[Short web captions]

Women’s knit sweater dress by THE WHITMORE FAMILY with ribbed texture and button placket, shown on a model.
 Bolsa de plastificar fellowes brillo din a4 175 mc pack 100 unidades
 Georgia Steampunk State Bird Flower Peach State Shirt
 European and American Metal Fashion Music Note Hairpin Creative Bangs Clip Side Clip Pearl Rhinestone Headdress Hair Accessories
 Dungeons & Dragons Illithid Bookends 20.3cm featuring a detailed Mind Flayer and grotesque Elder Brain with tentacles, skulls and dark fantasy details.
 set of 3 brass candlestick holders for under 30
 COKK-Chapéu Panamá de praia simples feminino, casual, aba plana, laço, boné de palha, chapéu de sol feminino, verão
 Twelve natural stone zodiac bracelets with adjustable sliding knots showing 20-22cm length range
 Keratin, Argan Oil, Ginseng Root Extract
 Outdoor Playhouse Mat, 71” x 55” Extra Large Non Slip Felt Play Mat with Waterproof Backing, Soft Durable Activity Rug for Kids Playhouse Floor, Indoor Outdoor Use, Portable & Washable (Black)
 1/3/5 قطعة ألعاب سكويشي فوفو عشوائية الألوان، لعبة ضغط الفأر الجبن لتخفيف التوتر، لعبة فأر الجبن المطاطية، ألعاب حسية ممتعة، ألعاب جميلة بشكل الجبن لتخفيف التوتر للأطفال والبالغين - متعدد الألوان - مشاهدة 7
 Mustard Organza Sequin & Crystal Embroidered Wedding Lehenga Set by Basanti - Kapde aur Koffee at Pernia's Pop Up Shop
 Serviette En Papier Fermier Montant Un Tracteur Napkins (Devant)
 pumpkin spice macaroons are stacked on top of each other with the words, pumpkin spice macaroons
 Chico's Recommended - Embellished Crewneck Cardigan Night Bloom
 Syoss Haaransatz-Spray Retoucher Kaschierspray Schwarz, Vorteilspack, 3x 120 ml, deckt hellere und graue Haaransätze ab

_Assignment:_
What you return must match the entries exactly, word for word.

_Response area:_
Women’s knit sweater dress by THE WHITMORE FAMILY with ribbed texture and button placket, shown on a model.
 Bolsa de plastificar fellowes brillo din a4 175 mc pack 100 unidades
 Georgia Steampunk State Bird Flower Peach State Shirt
 European and American Metal Fashion Music Note Hairpin Creative Bangs Clip Side Clip Pearl Rhinestone Headdress Hair Accessories
 Dungeons & Dragons Illithid Bookends 20.3cm featuring a detailed Mind Flayer and grotesque Elder Brain with tentacles, skulls and dark fantasy details.
 set of 3 brass candlestick holders for under 30
 COKK-Chapéu Panamá de praia simples feminino, casual, aba plana, laço, boné de palha, chapéu de sol feminino, verão
 Twelve natural stone zodiac bracelets with adjustable sliding knots showing 20-22cm length range
 Keratin, Argan Oil, Ginseng Root Extract
 Outdoor Playhouse Mat, 71” x 55” Extra Large Non Slip Felt Play Mat with Waterproof Backing, Soft Durable Activity Rug for Kids Playhouse Floor, Indoor Outdoor Use, Portable & Washable (Black)
 1/3/5 قطعة ألعاب سكويشي فوفو عشوائية الألوان، لعبة ضغط الفأر الجبن لتخفيف التوتر، لعبة فأر الجبن المطاطية، ألعاب حسية ممتعة، ألعاب جميلة بشكل الجبن لتخفيف التوتر للأطفال والبالغين - متعدد الألوان - مشاهدة 7
 Mustard Organza Sequin & Crystal Embroidered Wedding Lehenga Set by Basanti - Kapde aur Koffee at Pernia's Pop Up Shop
 Serviette En Papier Fermier Montant Un Tracteur Napkins (Devant)
 pumpkin spice macaroons are stacked on top of each other with the words, pumpkin spice macaroons
 Chico's Recommended - Embellished Crewneck Cardigan Night Bloom
 Syoss Haaransatz-Spray Retoucher Kaschierspray Schwarz, Vorteilspack, 3x 120 ml, deckt hellere und graue Haaransätze ab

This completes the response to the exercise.